Fasilitas Mantan Presiden Ditambah: Kebijakan Tepat atau Abai pada Rakyat?

JAKARTA – eksekutif melalui Kementerian Sekretaris Negara (Kemensesneg) serta DPR Komisi XIII telah lama setuju untuk menambah anggaran infrastruktur bagi mantan presiden juga perwakilan presiden. Namun demikian, kesepakatan yang disebutkan ditanggapi secara kritis mengingat kondisi perekonomian Indonesia yang dimaksud masih sangat dari optimal.
Pengamat Kebijakan Publik, Agus Pambagio tidaklah setuju apabila wacana penambahan sarana untuk mantan kepala negara direalisasikan. Baginya, sarana bagi mantan presiden serta wapres sudah ada lebih banyak dari cukup.
“Tidak setuju, yang dimaksud sekarang telah berlebih. Lebih baik anggara itu untuk ciptakan lapangan pekerjaan. Perekonomian sedang tidaklah baik, seharusnya urus rakyat bukanlah (mantan) presiden,” ujar Agus pada waktu dihubungi SINDOnews, Selasa (26/11/2024).

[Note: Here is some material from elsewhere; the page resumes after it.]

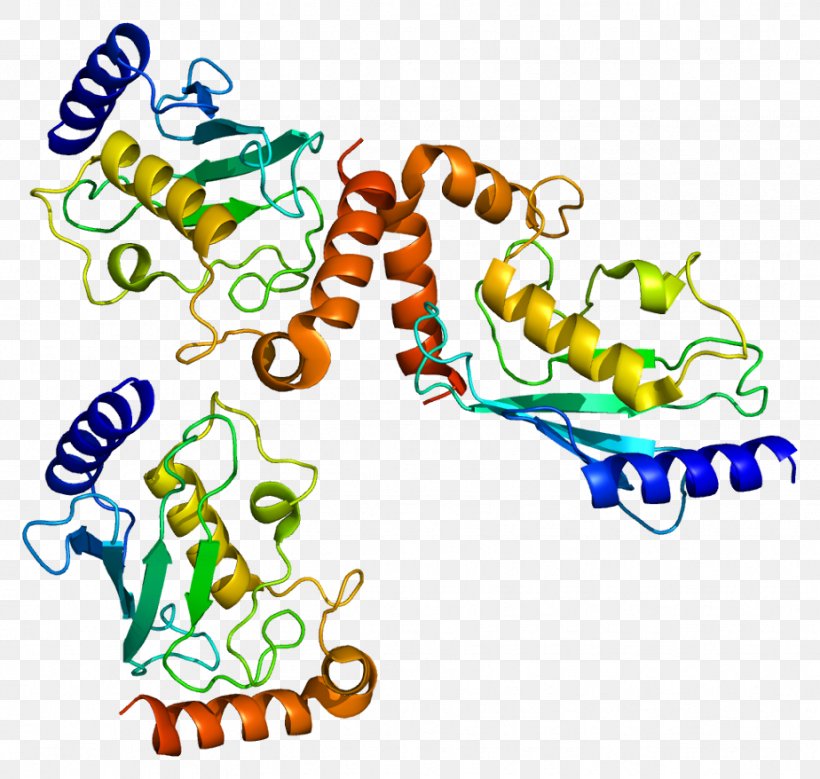 Protein ISG15 Anaphase-promoting Complex Ubiquitin-conjugating Enzyme, PNG, 924x878px, Watercolor, Cartoon, Flower, Frame, Heart Download Free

Hal senada juga disampaikan oleh Manajer Penelitian dan juga Pengetahuan lembaga penelitian dan juga advokasi kebijakan, The PRAKARSA, Eka Afrina Djamhari. Eka menilai pembahasan wacana penambahan sarana mantan Presiden lalu Wapres yang disebutkan kurang tepat bahkan, mengingat kondisi perekonomian yang dimaksud sulit berada dalam dihadapi rakyat ketika ini.

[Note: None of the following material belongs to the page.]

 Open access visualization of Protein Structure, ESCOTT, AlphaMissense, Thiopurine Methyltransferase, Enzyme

“Belum lagi tunjangan yang digunakan diatur untuk presiden sebetulnya telah sangat mewah, sedangkan di tempat sisi lain ketika ini jaminan pensiun bagi pekerja kelas bawah khususnya yang digunakan informal belum tersedia,” jelas Eka melalui instruksi singkat terhadap MPI.

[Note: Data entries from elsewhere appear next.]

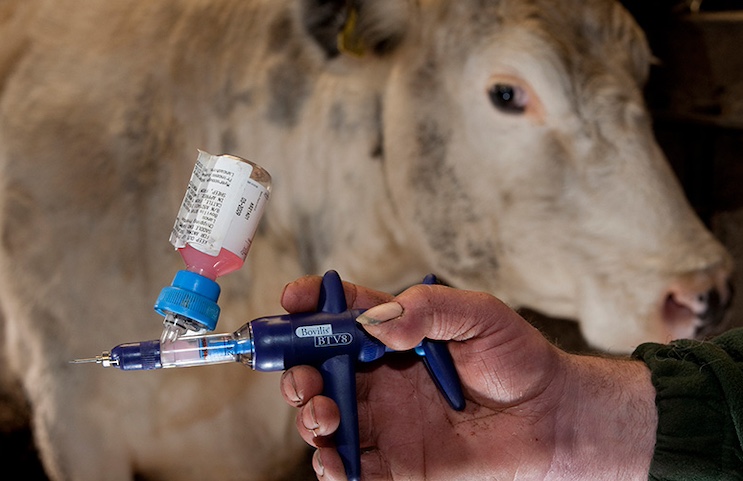 Bill Gates Unveils New mRNA-Lipid Nanoparticle Jabs for Billions of Cows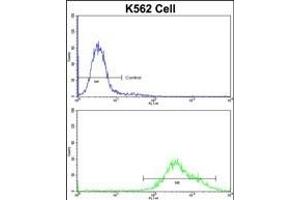 Flow cytometric analysis of K562 cells using X3 Antibody (N-term)(bottom histogram) comred to a negative control cell (top histogram)FITC-conjugated goat-anti-rabbit secondary antibodies were used for the analysis. (Paired Box 3 抗体  (N-Term))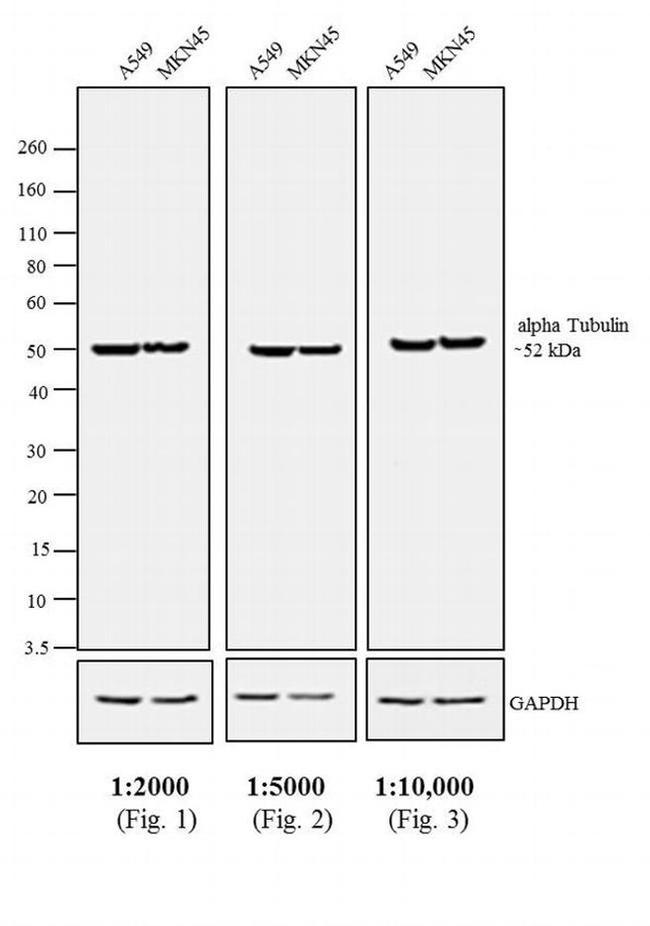Rat IgG (H+L) Secondary Antibody in Western Blot (WB)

Eka menambahkan, sebaiknya pemerintah lalu DPR lebih lanjut berfokus pada anggaran kebijakan yang dimaksud lebih banyak berpihak untuk rakyat.
“Pembahasan kebijakan diprioritaskan untuk pemberian jaminan pensiun bagi publik apalagi pekerja sektor informal di dalam Indonesia menghadapi kesulitan di mendapatkan pengamanan pensiun,” tutur Eka.
Sebelumnya, Menteri Sekretaris Negara Prasetyo Hadi mengatakan telah terjadi setuju dengan Komisi XIII DPR akan datang menindaklanjuti penambahan prasarana bagi mantan Presiden kemudian Wakil Presiden (Wapres).
“Jadi tadi menjadi kesepakatan kita bersatu antara Setneg juga Komisi XIII untuk perbuatan lanjuti coba kita memikirkan untuk memberikan penghargaan yang dirasa lebih banyak layaklah,” kata Prasetyo, Hari Sabtu (16/11/2024).
Prasetyo menjelaskan, pemberian tambahan prasarana bagi mantan presiden dan juga wapres tidak dinilai kurang. Namun, penambahan infrastruktur sebagai bentuk apresiasi untuk para mantan presiden dan juga wapres lantaran telah mendarmabaktikan hidupnya untuk negara.